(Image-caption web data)
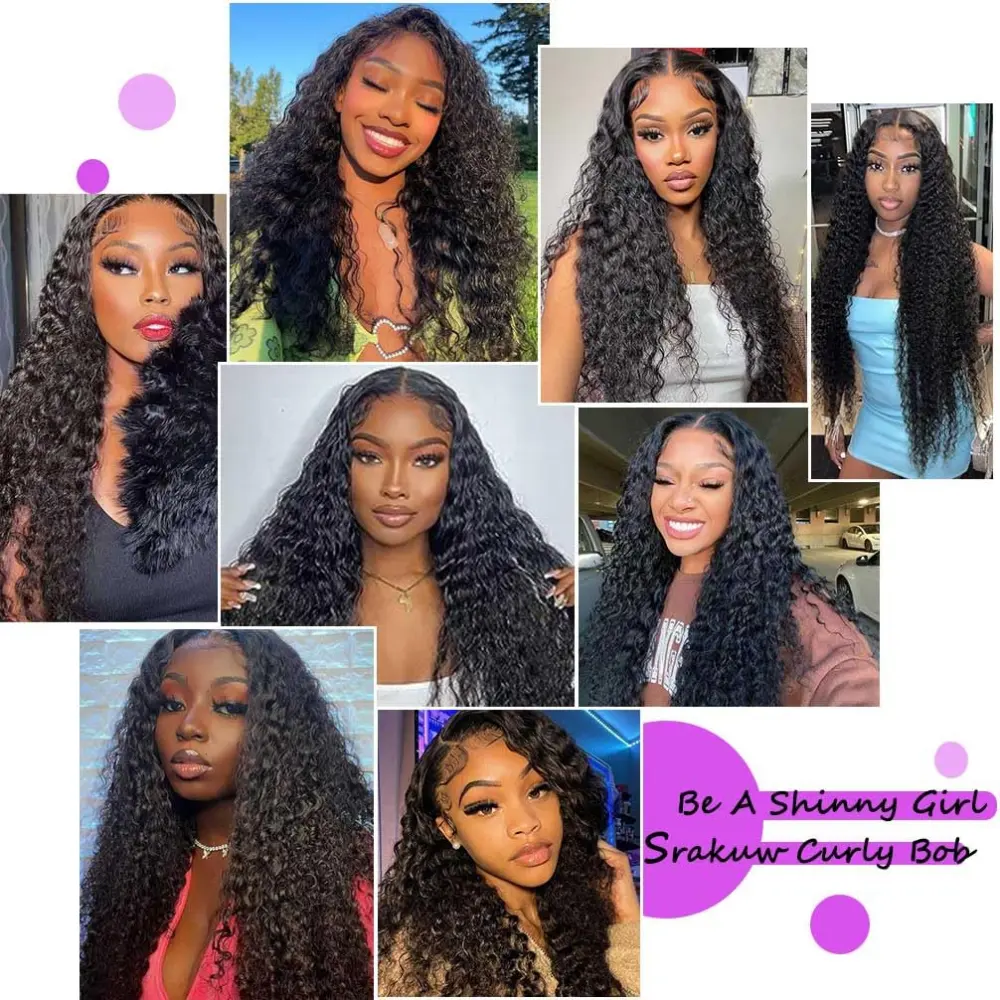 Glueless Wigs Human Hair Ready To Wear Curly Lace Frontal Wig Plucked Pre Cut  4x4 5x5 Deep Wave Lace Closure Wigs For Women
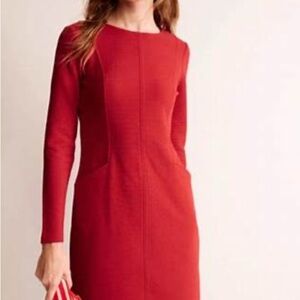 Boden Rich Red Long Sleeve Dress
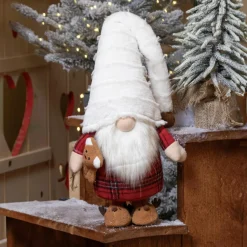 Père Noël, Animaux Et Personnage|KAEMINGK Lutin de Noël (H65 cm) Gluk Dormeur en pyjama bonnet Blanc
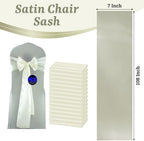 MDS® Pack of 150 Satin Chair Sashes for Wedding & Events – Ivory - Image 3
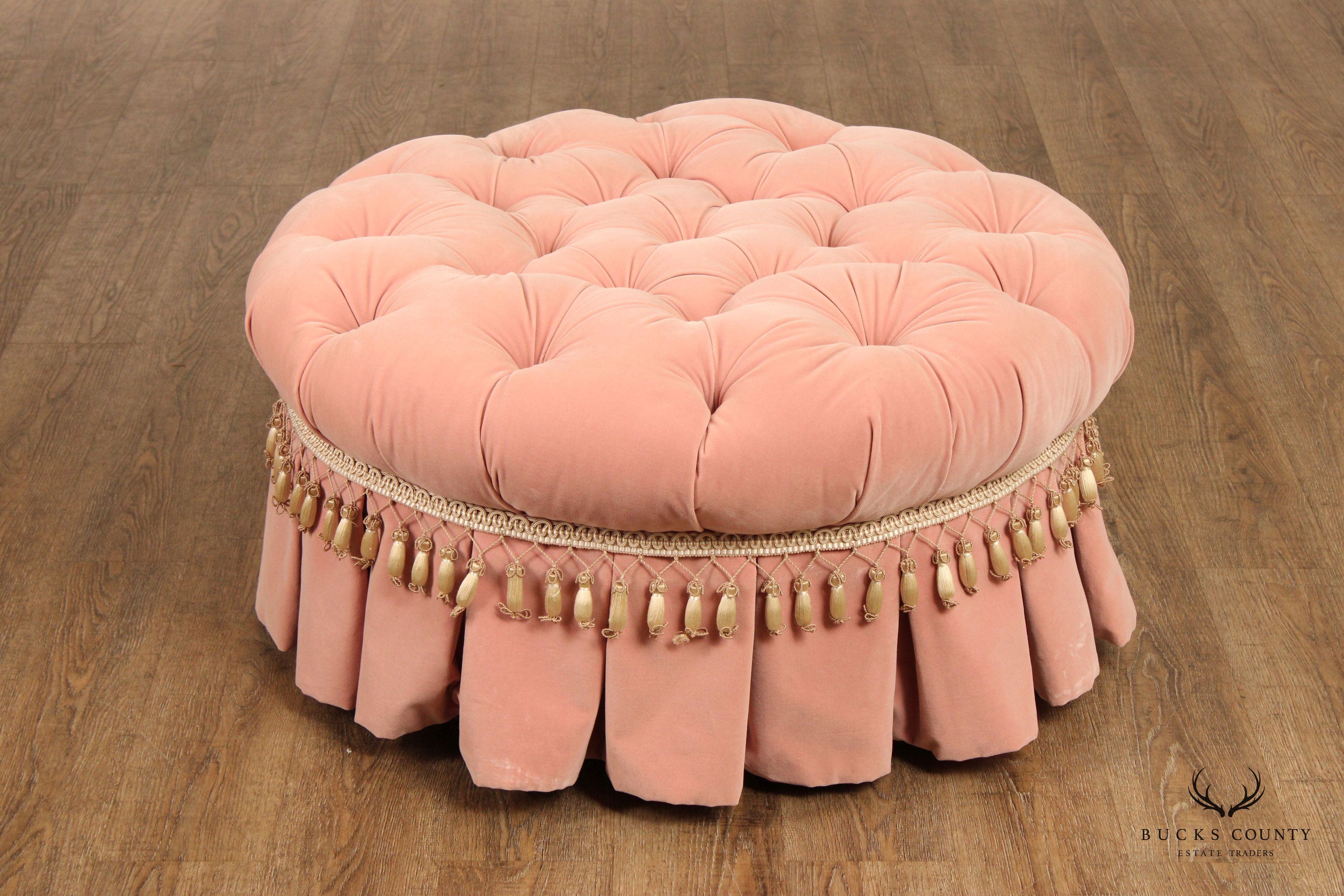 Karges Custom Upholstered Round Tufted Ottoman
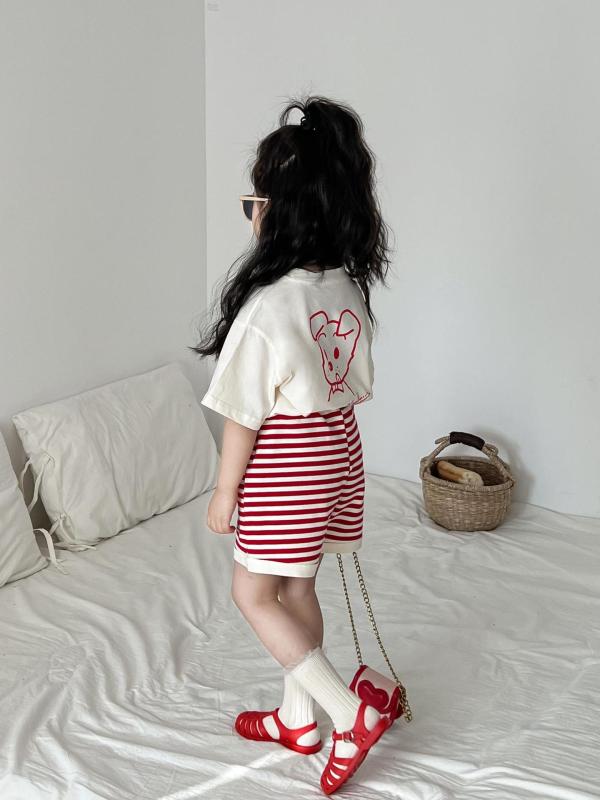 キッズ 女の子 春夏 ニットトップス ショーパン 上下セット かわいい 小犬柄 Tシャツ 短パン 綿混紡 90cm 100cm 110cm 120cm 130cm 140cm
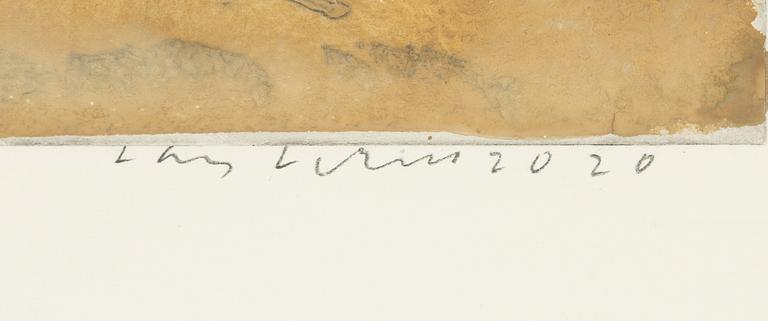 Lars Lerin, etching with watercolour, signed Lars Lerin and dated 2020.
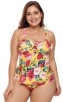 Plus Size Bikini Print One-Piece Sexy Swimsuit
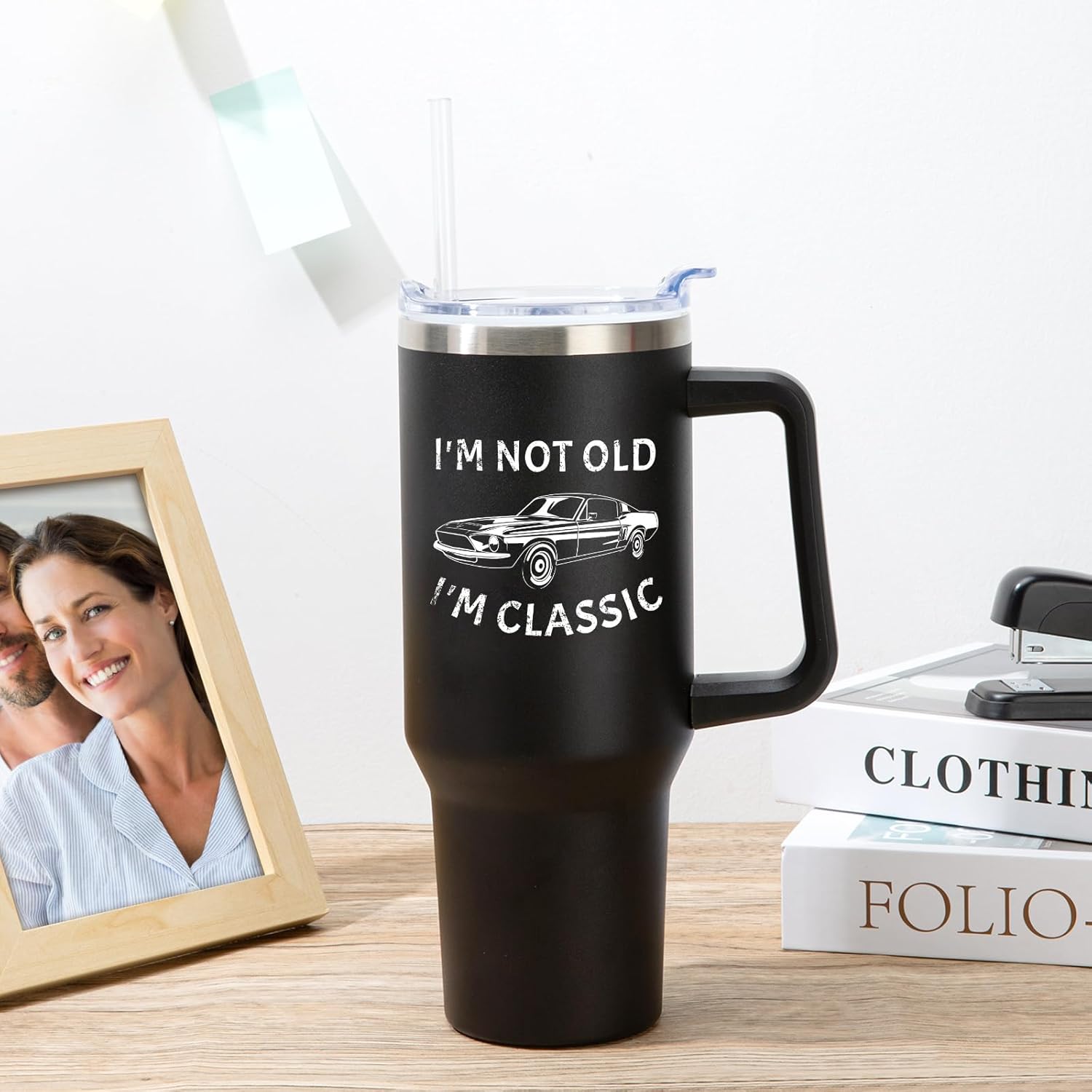 NOWWISH 40oz Tumbler with Handle and Straw for Men, I am Not Old Funny Christmas Gifts for Dad Husband Grandpa, Large Insulated Mug, Stocking Stuffer Idea - Black - Image 5
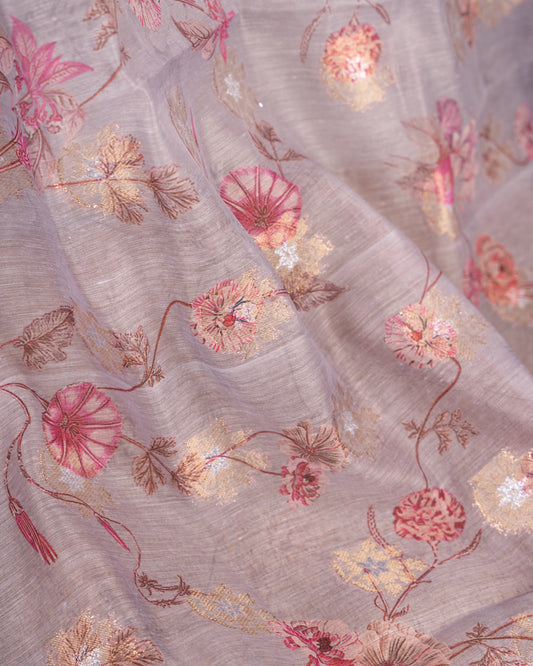 Pastel Grey Chanderi Floral Printed Saree with Pattern Blouse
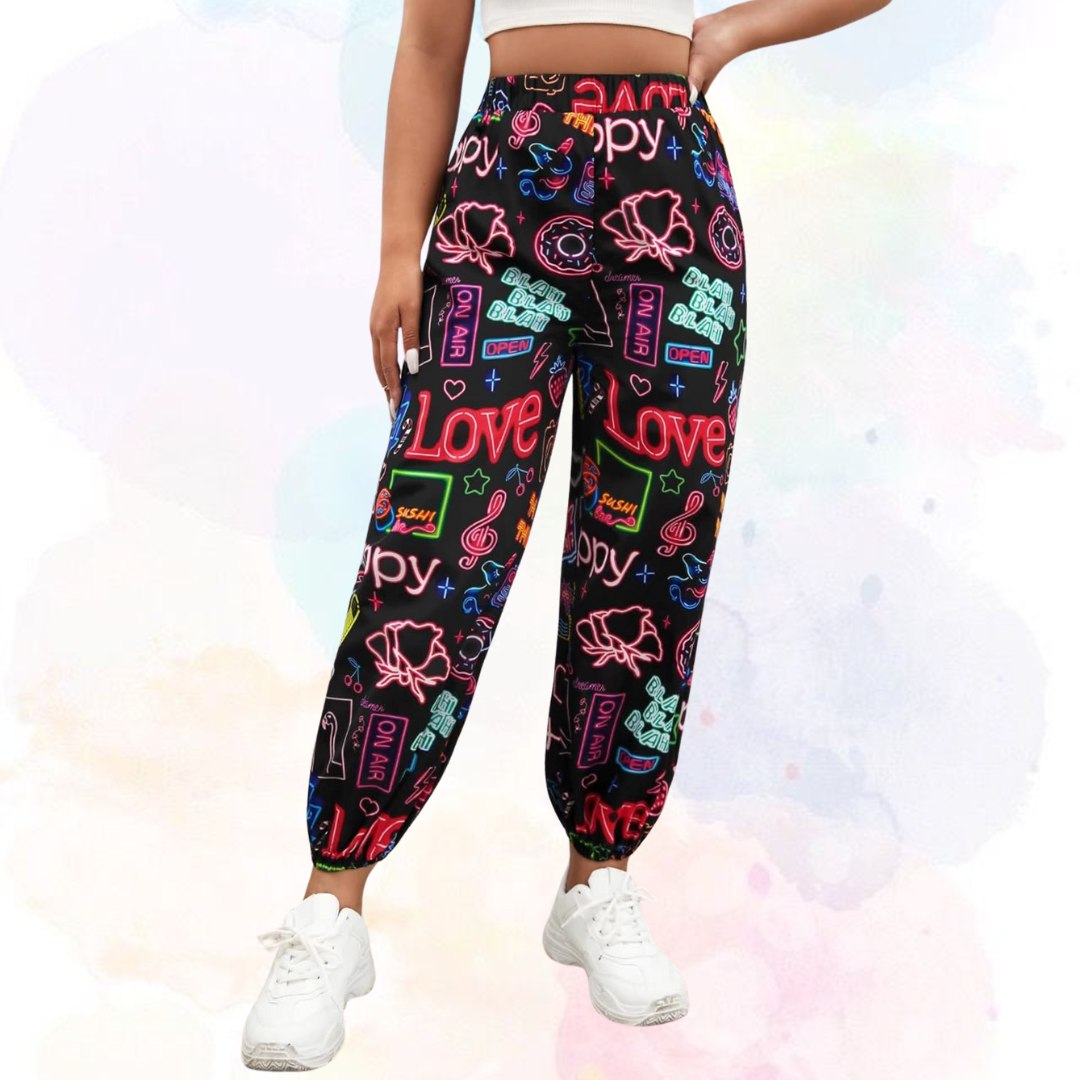 Women’s Neon Love Graffiti Printed Jogger Pants | High Waist Street Style Trousers | Trendy Casual & Party Wear Bottoms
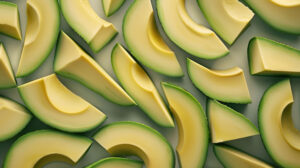 Arranged in a geometric pattern avocado slices bring sophistication to your screen in this wallpaper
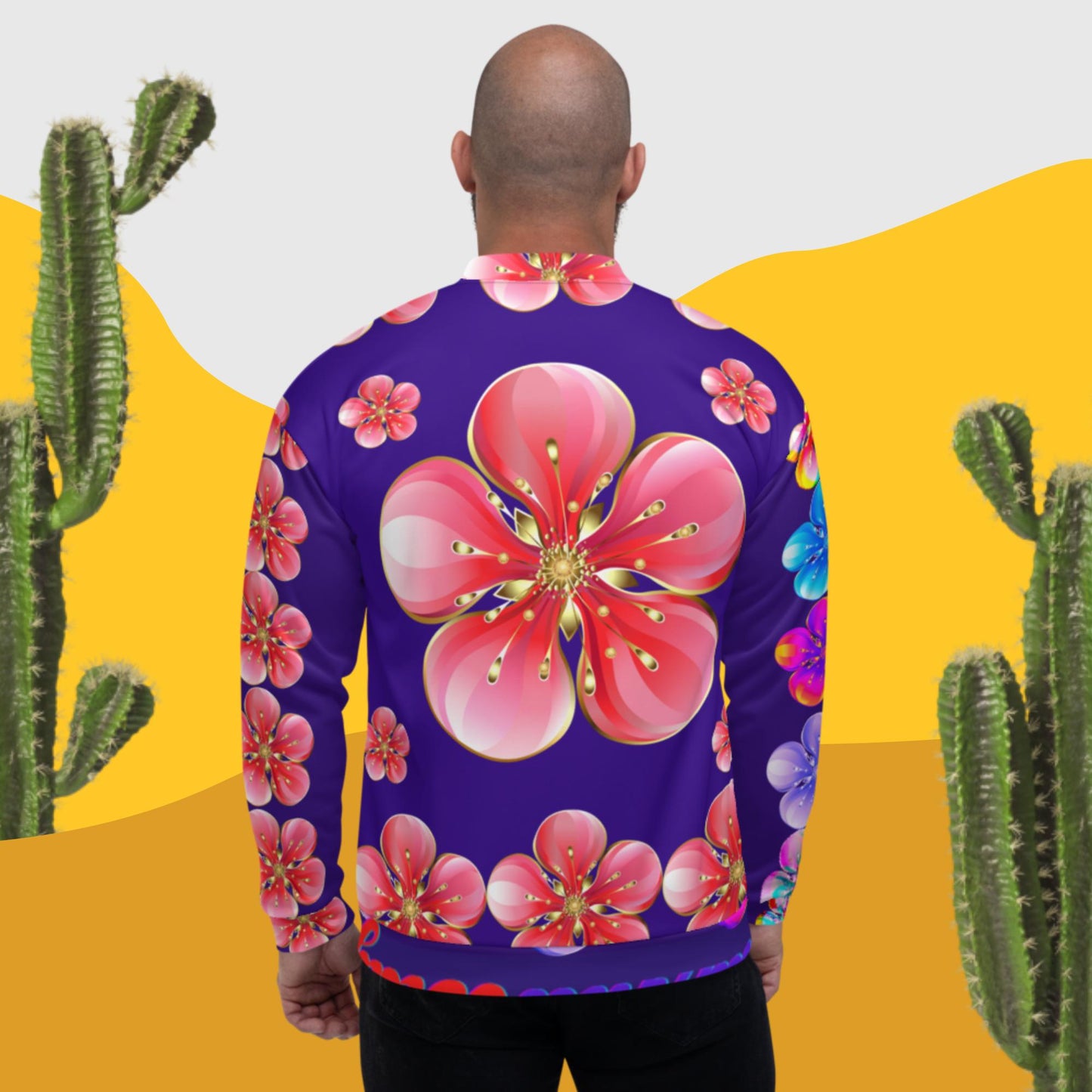 Red Skura Flowers, Unisex Bomber Jacket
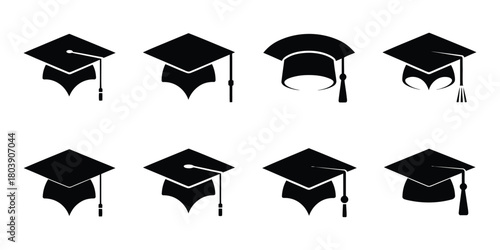 Black Graduation Cap Collection – Academic Hat Icons In Simple Minimal Vector Style, Education Ceremony Elements, Student Achievement Symbols For School, College, And University Illustration Use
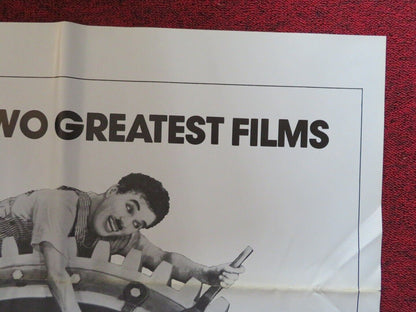 THE GREAT DICTATOR & MODERN TIMES DOUBLE BILL FOLDED US ONE SHEET POSTER 70/80's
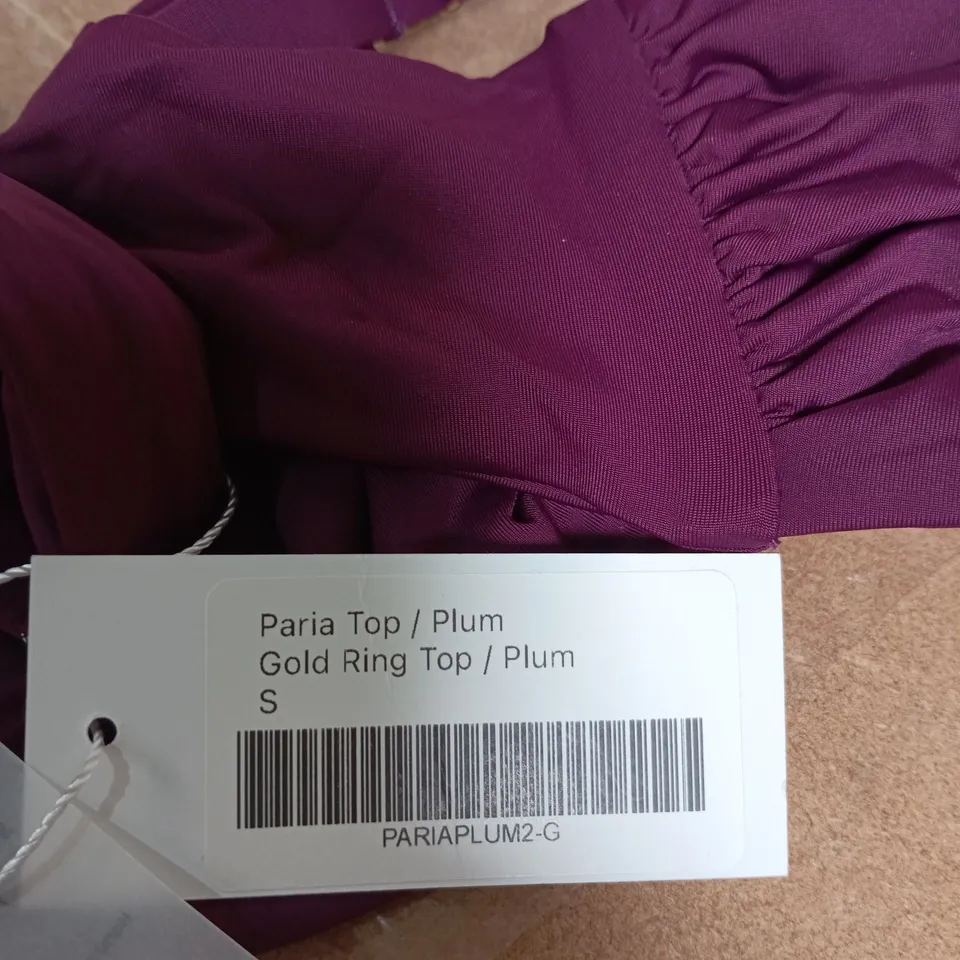 TOCO PARIA TOP – PLUM, WOMEN'S SIZE S, GOLD RING FRONT DETAIL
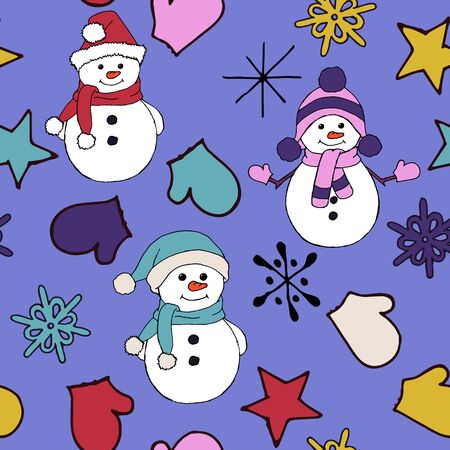 Christmas seamless pattern with snowman, fir trees and snowflakes. Perfect for wallpaper, wrapping paper, pattern fills, winter greetings, web page background, Christmas and New Year greeting cardsのイラスト素材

• **AIM OF THE EXERCISE**
Please give again the entries word for word, starting at the first line and ending with the line that contains "Red Skura Flowers, Unisex Bomber Jacket"; include both of those lines but none of the pictures.

• **RESPONSE TO THE EXERCISE**
 Glueless Wigs Human Hair Ready To Wear Curly Lace Frontal Wig Plucked Pre Cut  4x4 5x5 Deep Wave Lace Closure Wigs For Women
 Boden Rich Red Long Sleeve Dress
 Père Noël, Animaux Et Personnage|KAEMINGK Lutin de Noël (H65 cm) Gluk Dormeur en pyjama bonnet Blanc
 MDS® Pack of 150 Satin Chair Sashes for Wedding & Events – Ivory - Image 3
 Karges Custom Upholstered Round Tufted Ottoman
 キッズ 女の子 春夏 ニットトップス ショーパン 上下セット かわいい 小犬柄 Tシャツ 短パン 綿混紡 90cm 100cm 110cm 120cm 130cm 140cm
 Lars Lerin, etching with watercolour, signed Lars Lerin and dated 2020.
 Plus Size Bikini Print One-Piece Sexy Swimsuit
 NOWWISH 40oz Tumbler with Handle and Straw for Men, I am Not Old Funny Christmas Gifts for Dad Husband Grandpa, Large Insulated Mug, Stocking Stuffer Idea - Black - Image 5
 Pastel Grey Chanderi Floral Printed Saree with Pattern Blouse
 Women’s Neon Love Graffiti Printed Jogger Pants | High Waist Street Style Trousers | Trendy Casual & Party Wear Bottoms
 Arranged in a geometric pattern avocado slices bring sophistication to your screen in this wallpaper
 Red Skura Flowers, Unisex Bomber Jacket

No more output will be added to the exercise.